### Your task
Without the images, write out the whole listing exactly.

************

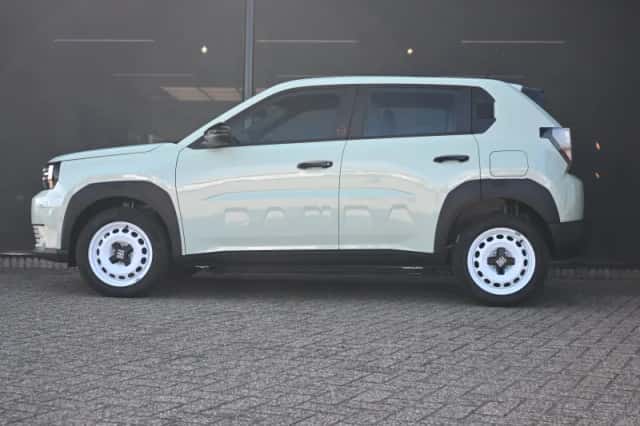 Fiat Grande Panda (2025) thumbnail 6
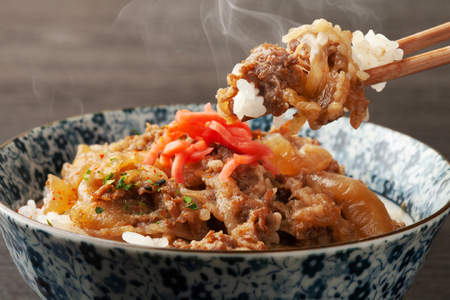 「自慢の逸品」種子島生まれ雌牛　切り落とし肉（200g×5パック） 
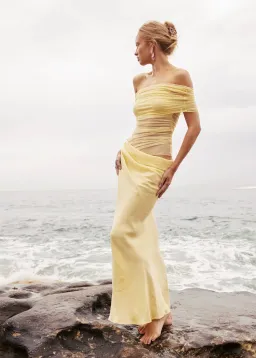 Benni Nico Off Shoulder Maxi Dress Yellow Size 8 / AU 8 for rent on The Volte - image 3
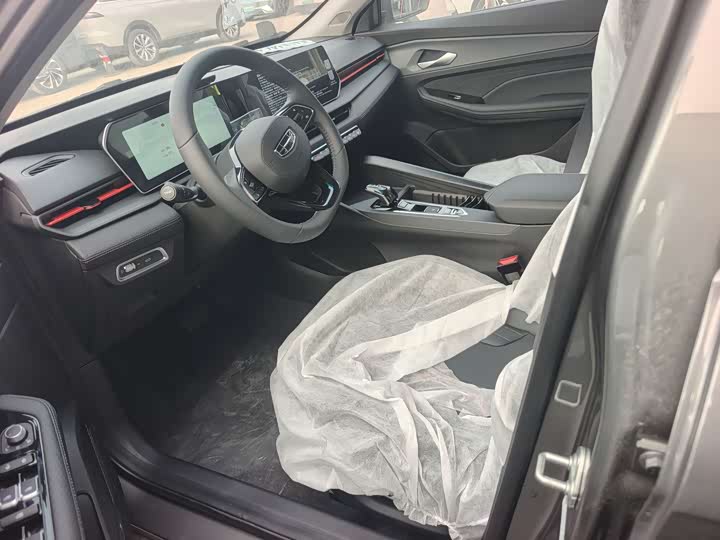 Фото 9 - Geely Binrui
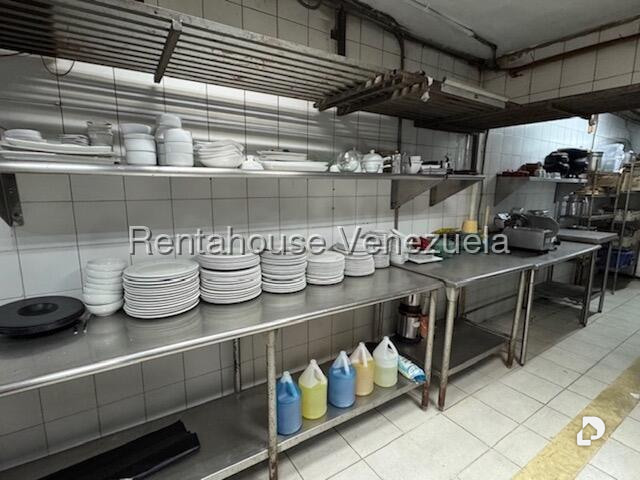Local comercial en El Hatillo, Caracas – 17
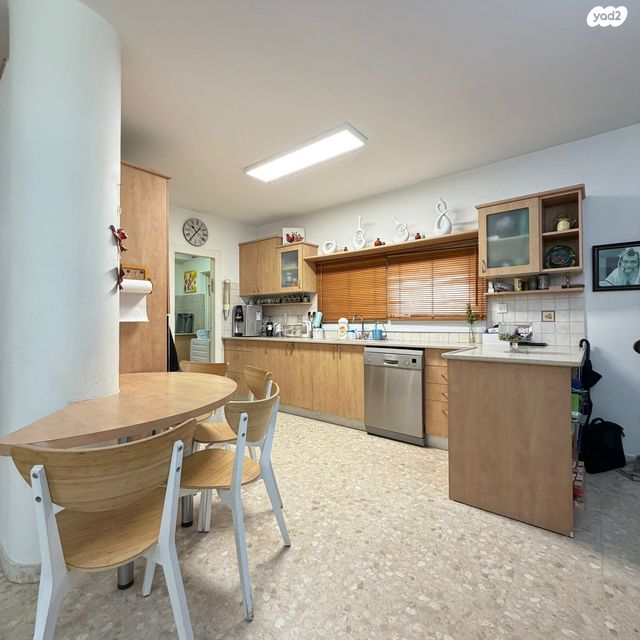 דו משפחתי, התאנה, מרכז שפירא, מרכז שפירא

************

### Response
 Fiat Grande Panda (2025) thumbnail 6
 「自慢の逸品」種子島生まれ雌牛　切り落とし肉（200g×5パック） 
 Benni Nico Off Shoulder Maxi Dress Yellow Size 8 / AU 8 for rent on The Volte - image 3
 Фото 9 - Geely Binrui
Local comercial en El Hatillo, Caracas – 17
 דו משפחתי, התאנה, מרכז שפירא, מרכז שפירא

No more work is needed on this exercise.